Dataset excerpts
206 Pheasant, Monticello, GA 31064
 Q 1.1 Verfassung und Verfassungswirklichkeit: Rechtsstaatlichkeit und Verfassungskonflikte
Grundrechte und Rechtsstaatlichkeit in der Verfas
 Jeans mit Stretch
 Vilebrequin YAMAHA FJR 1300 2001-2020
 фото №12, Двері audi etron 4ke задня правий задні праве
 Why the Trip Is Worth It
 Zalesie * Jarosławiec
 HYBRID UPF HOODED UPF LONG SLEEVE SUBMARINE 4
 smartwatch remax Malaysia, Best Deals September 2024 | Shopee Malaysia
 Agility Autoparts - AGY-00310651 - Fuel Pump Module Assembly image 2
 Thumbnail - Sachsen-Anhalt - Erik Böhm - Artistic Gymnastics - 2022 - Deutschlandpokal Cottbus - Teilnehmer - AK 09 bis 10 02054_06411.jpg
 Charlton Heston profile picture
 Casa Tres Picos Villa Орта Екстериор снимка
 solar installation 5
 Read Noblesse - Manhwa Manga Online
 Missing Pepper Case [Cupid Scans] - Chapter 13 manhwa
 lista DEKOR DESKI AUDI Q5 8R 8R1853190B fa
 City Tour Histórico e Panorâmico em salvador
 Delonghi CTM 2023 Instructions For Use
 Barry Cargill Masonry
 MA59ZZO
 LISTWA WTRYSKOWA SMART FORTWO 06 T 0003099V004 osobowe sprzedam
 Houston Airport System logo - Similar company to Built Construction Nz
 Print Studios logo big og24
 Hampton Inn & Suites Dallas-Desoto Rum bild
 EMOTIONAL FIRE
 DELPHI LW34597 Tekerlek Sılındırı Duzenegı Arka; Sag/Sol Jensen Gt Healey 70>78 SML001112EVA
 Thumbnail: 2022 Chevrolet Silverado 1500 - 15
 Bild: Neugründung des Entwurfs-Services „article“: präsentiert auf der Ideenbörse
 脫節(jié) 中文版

* [Exercise instructions]:
Only the lines from the one containing "Delonghi CTM 2023 Instructions For Use" through the end of the records above belong in the answer, each exactly as written.

* [Output below]:
 Delonghi CTM 2023 Instructions For Use
 Barry Cargill Masonry
 MA59ZZO
 LISTWA WTRYSKOWA SMART FORTWO 06 T 0003099V004 osobowe sprzedam
 Houston Airport System logo - Similar company to Built Construction Nz
 Print Studios logo big og24
 Hampton Inn & Suites Dallas-Desoto Rum bild
 EMOTIONAL FIRE
 DELPHI LW34597 Tekerlek Sılındırı Duzenegı Arka; Sag/Sol Jensen Gt Healey 70>78 SML001112EVA
 Thumbnail: 2022 Chevrolet Silverado 1500 - 15
 Bild: Neugründung des Entwurfs-Services „article“: präsentiert auf der Ideenbörse
 脫節(jié) 中文版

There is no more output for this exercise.